In other words, a theme has a list of neighbors from which Tp is sampled and Tn is chosen at random and is not part of those neighbors. We can convert this constraint into a simple cost function: cost = maximum(0, margin + f(Tr, Tn) – f(Tr, Tp)). Stated differently, there is no loss, if the distance between the positive and the negative similarity score of the theme is larger than the margin!

The training of the model is simple, if we stored a list of neighbors for each theme in advance. Then the procedure to train the model can be summarized as:

– Sample an arbitrary theme Tr

– Sample the positive theme Tp from the neighbors of Tr: nn[Tr]

– Sample an arbitrary theme Tn until Tn is not part of nn[Tr]

– Compute the gradient and adjust the weights of the model to minimize the cost

We used the cosine similarity, parameterized ReLU neurons and Nesterov momentum to speed up the convergence. The learning rate was decayed. We trained the model until convergence or if the learning goot too small. To evaluate the results, we visualized the embedding of all themes with T-SNE as a 2D plot. But since the number of themes is limited, we also picked some themes and studied the next neighbors:

– mad-scientists => plagues-and-epidemics, mutants, split-personalities, zombies

– angels => deal-with-the-devil, miraculous-events, immortality

– gambling => cons-and-scams, alcoholism, families-in-crisis

Even with the limited data, the embedding seems to be plausible for most of the themes.
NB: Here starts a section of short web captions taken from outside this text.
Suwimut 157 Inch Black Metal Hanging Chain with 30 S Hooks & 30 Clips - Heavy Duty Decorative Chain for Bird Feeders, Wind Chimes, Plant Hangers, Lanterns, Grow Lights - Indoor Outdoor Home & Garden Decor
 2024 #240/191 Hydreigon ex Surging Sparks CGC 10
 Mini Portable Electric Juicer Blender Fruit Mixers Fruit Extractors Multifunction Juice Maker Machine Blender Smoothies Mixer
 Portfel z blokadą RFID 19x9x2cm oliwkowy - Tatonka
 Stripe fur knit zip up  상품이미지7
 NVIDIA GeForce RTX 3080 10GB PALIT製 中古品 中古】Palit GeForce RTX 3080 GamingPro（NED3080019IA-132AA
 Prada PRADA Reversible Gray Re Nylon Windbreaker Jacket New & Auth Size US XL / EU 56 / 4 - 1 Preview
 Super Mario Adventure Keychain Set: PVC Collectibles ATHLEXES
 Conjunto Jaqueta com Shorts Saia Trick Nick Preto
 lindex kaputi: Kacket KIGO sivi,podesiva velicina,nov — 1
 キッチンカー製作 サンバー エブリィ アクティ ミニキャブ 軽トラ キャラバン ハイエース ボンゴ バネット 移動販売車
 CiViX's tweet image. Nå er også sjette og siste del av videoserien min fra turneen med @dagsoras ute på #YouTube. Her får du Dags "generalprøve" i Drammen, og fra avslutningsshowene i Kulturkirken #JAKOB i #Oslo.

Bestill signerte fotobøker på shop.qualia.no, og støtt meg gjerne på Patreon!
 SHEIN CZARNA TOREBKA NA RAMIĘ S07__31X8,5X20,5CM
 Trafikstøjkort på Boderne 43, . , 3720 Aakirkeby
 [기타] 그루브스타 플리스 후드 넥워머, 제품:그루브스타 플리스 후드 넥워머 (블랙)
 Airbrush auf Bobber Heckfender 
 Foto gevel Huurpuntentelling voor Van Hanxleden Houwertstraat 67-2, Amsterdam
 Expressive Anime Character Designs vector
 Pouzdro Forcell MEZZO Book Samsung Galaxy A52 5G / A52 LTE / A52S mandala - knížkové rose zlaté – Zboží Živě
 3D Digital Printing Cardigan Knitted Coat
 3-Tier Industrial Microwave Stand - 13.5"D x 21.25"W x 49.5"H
To sum it up, the experiments were very instructive. First, the training data can be generated by simply using the co-occurrence matrix or by counting pairs of themes. Second, the training takes only a couple of minutes, because SGD does not depend on the number of training examples and makes very fast progress in exchange for noisy gradient updates. At the end, we have a simple weight matrix that can be used to transform all themes, as a one-hot encoding, into the feature space.

Now, if we want to find out how similar two movies with different themes are, we can project the themes into the new space and use the cosine similarity. This way, we can relate movies even if they do not the same theme. To handle multiple schemes is not difficult but needs definitely further investigation.